#### [What is expected]
Copy out exactly every line from the line containing "Camiseta Preta Beija Flor Camiseta" until the records below end, inclusive of both boundary lines.

#### [Data for this task]
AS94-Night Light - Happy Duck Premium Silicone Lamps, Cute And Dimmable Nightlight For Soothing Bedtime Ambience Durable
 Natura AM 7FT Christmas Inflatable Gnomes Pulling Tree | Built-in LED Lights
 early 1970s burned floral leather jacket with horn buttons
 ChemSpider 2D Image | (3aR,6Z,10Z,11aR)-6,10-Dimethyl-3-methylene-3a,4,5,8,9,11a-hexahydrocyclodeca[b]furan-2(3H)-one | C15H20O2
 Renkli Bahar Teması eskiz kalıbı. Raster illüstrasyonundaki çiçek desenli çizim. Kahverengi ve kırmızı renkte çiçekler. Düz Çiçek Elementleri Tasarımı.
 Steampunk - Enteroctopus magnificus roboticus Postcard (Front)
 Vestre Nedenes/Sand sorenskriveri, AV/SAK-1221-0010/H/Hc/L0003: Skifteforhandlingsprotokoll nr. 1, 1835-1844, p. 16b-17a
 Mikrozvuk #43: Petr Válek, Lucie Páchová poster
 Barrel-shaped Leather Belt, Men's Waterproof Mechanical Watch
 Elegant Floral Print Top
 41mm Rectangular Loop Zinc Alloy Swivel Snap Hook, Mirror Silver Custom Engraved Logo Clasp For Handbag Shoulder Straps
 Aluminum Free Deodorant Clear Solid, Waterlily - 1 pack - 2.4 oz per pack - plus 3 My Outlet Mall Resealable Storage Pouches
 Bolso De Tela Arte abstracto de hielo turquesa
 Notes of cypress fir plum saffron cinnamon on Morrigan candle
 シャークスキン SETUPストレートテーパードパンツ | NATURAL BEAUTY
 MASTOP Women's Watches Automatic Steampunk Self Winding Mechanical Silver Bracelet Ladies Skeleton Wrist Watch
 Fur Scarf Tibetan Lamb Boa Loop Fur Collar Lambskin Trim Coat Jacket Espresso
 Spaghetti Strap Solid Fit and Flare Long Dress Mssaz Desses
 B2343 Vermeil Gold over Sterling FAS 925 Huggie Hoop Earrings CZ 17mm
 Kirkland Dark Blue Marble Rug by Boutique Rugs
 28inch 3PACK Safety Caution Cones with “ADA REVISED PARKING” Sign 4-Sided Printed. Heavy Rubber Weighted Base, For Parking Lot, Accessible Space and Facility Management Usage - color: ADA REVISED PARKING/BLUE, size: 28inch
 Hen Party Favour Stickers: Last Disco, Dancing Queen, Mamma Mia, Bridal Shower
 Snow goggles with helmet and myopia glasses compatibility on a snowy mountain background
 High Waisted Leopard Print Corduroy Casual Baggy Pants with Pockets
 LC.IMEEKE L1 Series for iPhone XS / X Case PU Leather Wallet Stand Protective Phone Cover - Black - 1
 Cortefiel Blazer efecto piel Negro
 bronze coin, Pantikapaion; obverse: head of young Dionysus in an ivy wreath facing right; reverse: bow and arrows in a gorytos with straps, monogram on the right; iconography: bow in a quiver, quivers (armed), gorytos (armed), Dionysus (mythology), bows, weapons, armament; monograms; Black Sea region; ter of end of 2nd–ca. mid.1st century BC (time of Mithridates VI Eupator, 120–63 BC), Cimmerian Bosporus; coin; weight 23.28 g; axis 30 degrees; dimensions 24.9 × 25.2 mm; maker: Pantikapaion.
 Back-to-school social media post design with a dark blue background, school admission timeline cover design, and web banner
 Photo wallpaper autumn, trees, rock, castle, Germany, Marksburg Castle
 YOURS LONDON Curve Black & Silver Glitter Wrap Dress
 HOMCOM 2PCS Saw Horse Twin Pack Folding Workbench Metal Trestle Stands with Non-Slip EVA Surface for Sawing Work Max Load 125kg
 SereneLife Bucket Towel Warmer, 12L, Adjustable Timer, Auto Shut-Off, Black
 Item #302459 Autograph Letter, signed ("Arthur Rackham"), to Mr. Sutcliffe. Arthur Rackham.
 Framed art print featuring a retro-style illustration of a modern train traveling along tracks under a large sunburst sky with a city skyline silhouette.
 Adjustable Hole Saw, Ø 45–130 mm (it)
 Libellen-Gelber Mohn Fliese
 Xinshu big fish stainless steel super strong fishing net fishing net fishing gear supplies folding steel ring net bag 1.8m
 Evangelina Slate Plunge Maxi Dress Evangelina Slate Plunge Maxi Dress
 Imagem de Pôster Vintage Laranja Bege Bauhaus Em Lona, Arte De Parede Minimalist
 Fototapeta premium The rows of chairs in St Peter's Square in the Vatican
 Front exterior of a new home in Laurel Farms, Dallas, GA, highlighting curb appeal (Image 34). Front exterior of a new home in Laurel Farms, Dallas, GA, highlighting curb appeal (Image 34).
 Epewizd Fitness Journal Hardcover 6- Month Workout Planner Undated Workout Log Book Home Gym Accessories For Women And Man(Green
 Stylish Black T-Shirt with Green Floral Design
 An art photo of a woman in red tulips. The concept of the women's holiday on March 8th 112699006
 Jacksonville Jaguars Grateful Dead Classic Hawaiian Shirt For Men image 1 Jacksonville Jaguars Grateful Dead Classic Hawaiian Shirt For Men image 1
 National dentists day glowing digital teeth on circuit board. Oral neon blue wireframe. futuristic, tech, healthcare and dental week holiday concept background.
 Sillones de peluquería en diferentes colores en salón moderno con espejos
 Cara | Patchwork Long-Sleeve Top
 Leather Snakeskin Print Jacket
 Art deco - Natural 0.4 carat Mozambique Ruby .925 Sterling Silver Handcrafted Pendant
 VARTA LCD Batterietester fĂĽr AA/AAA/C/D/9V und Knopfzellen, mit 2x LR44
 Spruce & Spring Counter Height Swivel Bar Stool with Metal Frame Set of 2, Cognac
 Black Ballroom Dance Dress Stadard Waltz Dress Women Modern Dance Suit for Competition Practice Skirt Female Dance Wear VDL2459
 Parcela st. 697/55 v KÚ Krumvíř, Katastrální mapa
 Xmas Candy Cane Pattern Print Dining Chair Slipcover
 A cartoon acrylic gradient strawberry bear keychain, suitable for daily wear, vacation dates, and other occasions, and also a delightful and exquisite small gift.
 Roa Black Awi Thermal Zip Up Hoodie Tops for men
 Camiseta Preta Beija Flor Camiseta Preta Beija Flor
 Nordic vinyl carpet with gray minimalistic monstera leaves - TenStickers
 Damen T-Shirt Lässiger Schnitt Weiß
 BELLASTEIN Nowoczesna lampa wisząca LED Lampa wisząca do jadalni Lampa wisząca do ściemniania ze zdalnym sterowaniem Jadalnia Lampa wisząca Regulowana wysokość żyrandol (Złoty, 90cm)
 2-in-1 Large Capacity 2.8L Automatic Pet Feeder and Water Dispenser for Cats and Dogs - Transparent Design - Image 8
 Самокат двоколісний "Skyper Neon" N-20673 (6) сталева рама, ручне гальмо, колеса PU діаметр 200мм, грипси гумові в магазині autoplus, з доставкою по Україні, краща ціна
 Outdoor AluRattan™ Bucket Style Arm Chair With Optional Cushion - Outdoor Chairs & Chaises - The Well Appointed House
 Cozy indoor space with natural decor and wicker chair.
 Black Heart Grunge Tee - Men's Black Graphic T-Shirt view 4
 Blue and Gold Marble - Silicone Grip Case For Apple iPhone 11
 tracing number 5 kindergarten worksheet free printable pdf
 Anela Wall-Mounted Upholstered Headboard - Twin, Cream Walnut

#### [Solved problem]
 Camiseta Preta Beija Flor Camiseta Preta Beija Flor
 Nordic vinyl carpet with gray minimalistic monstera leaves - TenStickers
 Damen T-Shirt Lässiger Schnitt Weiß
 BELLASTEIN Nowoczesna lampa wisząca LED Lampa wisząca do jadalni Lampa wisząca do ściemniania ze zdalnym sterowaniem Jadalnia Lampa wisząca Regulowana wysokość żyrandol (Złoty, 90cm)
 2-in-1 Large Capacity 2.8L Automatic Pet Feeder and Water Dispenser for Cats and Dogs - Transparent Design - Image 8
 Самокат двоколісний "Skyper Neon" N-20673 (6) сталева рама, ручне гальмо, колеса PU діаметр 200мм, грипси гумові в магазині autoplus, з доставкою по Україні, краща ціна
 Outdoor AluRattan™ Bucket Style Arm Chair With Optional Cushion - Outdoor Chairs & Chaises - The Well Appointed House
 Cozy indoor space with natural decor and wicker chair.
 Black Heart Grunge Tee - Men's Black Graphic T-Shirt view 4
 Blue and Gold Marble - Silicone Grip Case For Apple iPhone 11
 tracing number 5 kindergarten worksheet free printable pdf
 Anela Wall-Mounted Upholstered Headboard - Twin, Cream Walnut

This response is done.